If a source and a target rule have the same mother and daughter categories, and if the daughters occur in the same order and the daughter feature structures end up in the same places in the mother feature structures, then the rules correspond in mode 1. In that case a ‘mode 1’ tag is added, but no pointer to the target rule is needed: the point is that when we know that the target grammar has a rule that similar, we do not need to consult it, but can use the source string structure. This is the case with the S -> NP VP rules in fig. 6. On the other hand, if two rules differ in the order of the daughters, or in the presence or absence of minor syntactic categories, while sharing the other properties, the correspondence is classified as ‘mode 2’, and a pointer to the rule partner is added. This is illustrated by the NP -> POSS N’ : NP -> N’ POSS rules in fig. 6, analyzing phrases like Eng. my dog : Norw. hunden min ‘the-dog my’. When a source string contains a phrase like this, we need quick access to the target rule to build a correct subtree, but the rest of the source analysis (the complete feature structure, and the daughter nodes) can be used as they are. The net effect is a quick constituent order adjustment without the unprincipled ad hoc quality that such adjustments usually have, since it is triggered by information derived from a grammar comparison. If there is no target rule corresponding in either mode 1 or mode 2, the source rule is marked ‘mode 3’ with respect to the target language.
 
 

2.4 Translation Procedures

Fig. 7 gives an overview over the translation procedures. After parsing the source string the mode of each derived tree is determined. A tree node has the mode of the rule used to expand it, and a tree as such has the highest mode of any of its nodes. That is, for a tree to be mode 1, all its nodes and lexical entries must be mode 1.
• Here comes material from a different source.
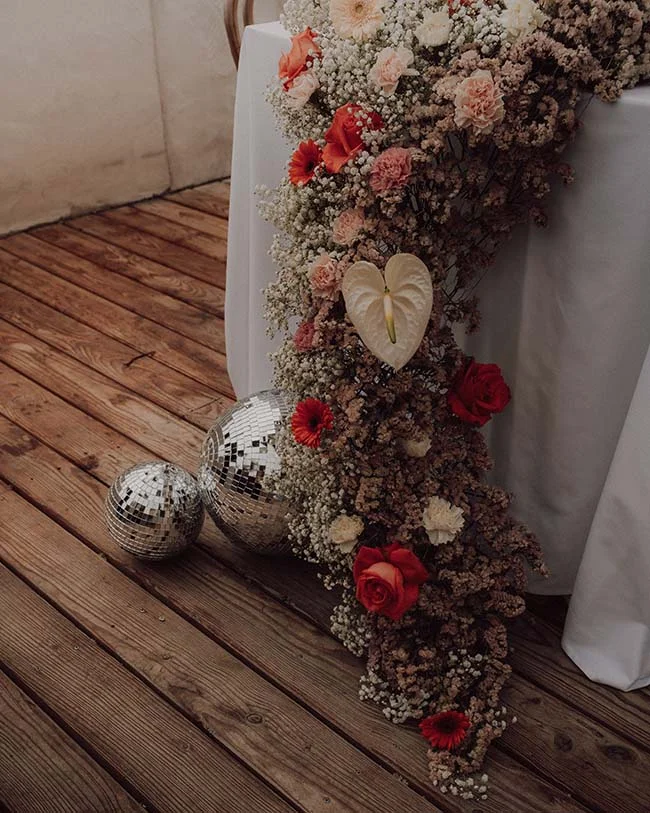 Cascade florale aux tons rouges et blancs et boules à facettes sur un parquet en bois pour un mariage disco rétro.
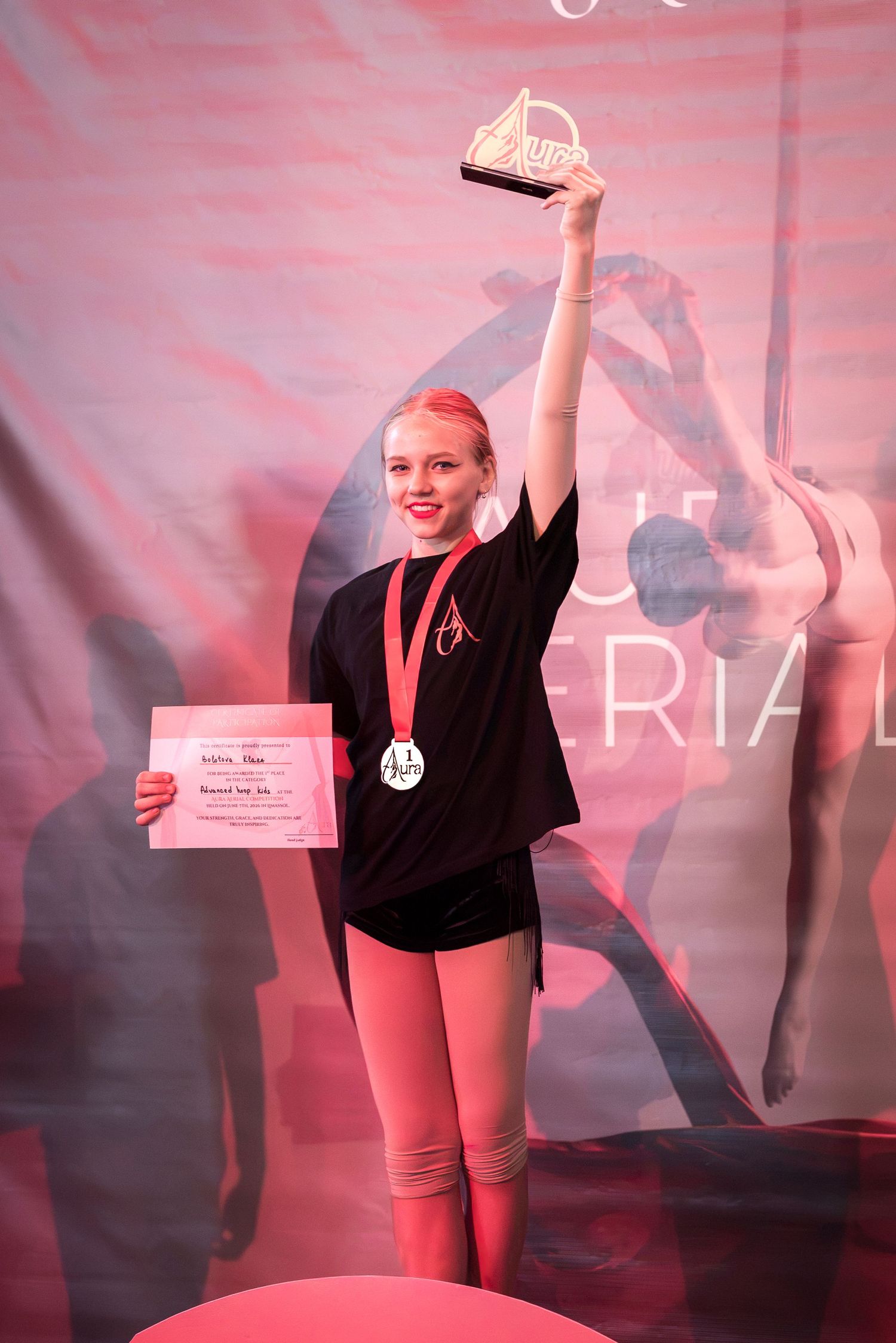 Young female aerial arts competitor proudly holding a trophy and certificate at an Aura Aerial event.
Fig. 7 Overview over the translation procedures

The mode of the tree determines the further course of events. Fig. 8 illustrates a mode 1 situation, the result of parsing the sentence Wagner frightens a dog which can be rendered in Norwegian as Wagner skremmer en hund.

Fig. 8 Mode 1 parse with target pointers

All nodes in fig. 8 are mode 1, and this means that an isomorphous tree with a closely corresponding feature structure could be built from the target grammar, too. This, in its turn, means that we won’t have to do that: the procedure can forget about the target grammar and use the source structure already built. In other words, it is possible to perform a kind of word-by-word translation by substituting target words for source words at the terminal nodes. More precisely, the target stem structures pointed to from the terminal nodes are overwritten over the structures at the terminal nodes (see fig. 9). The operation ‘overwrite’ is used rather than ‘unify’ since we want the target stem structures to ‘win’ in cases of feature clashes — e.g., in cases when a target noun stem has a different gender from the source stem. The final stage is finding the correct target word forms, which will be the forms whose structures are simultaneously unifiable with the structures now present at the terminal nodes (see fig. 10). Since agreeing tree nodes partially share feature structures, agreement comes out correctly even in cases where gender features, for instance, have been altered by overwriting, as explained above.

Fig. 9 Mode 1: overwrite target stem structures at terminal nodes

Fig. 11 shows a mode 2 situation. One of the nodes in the parse tree is mode 2 and contains a pointer to a target rule with a different constituent order, reflecting the fact that possessives occur on different sides of the head noun in the two languages. The procedure builds a subtree from the target rule pointed to and splices it in at the appropriate position in the source tree. The target rule feature structure is overwritten over the structure at the source tree node. This is shown in fig. 12. The effect is that of a quick switch of constituent order, and in the example also the addition of the feature definite to the N daughter. After this the procedure continues as in mode 1, with stem overwriting and search for compatible word forms.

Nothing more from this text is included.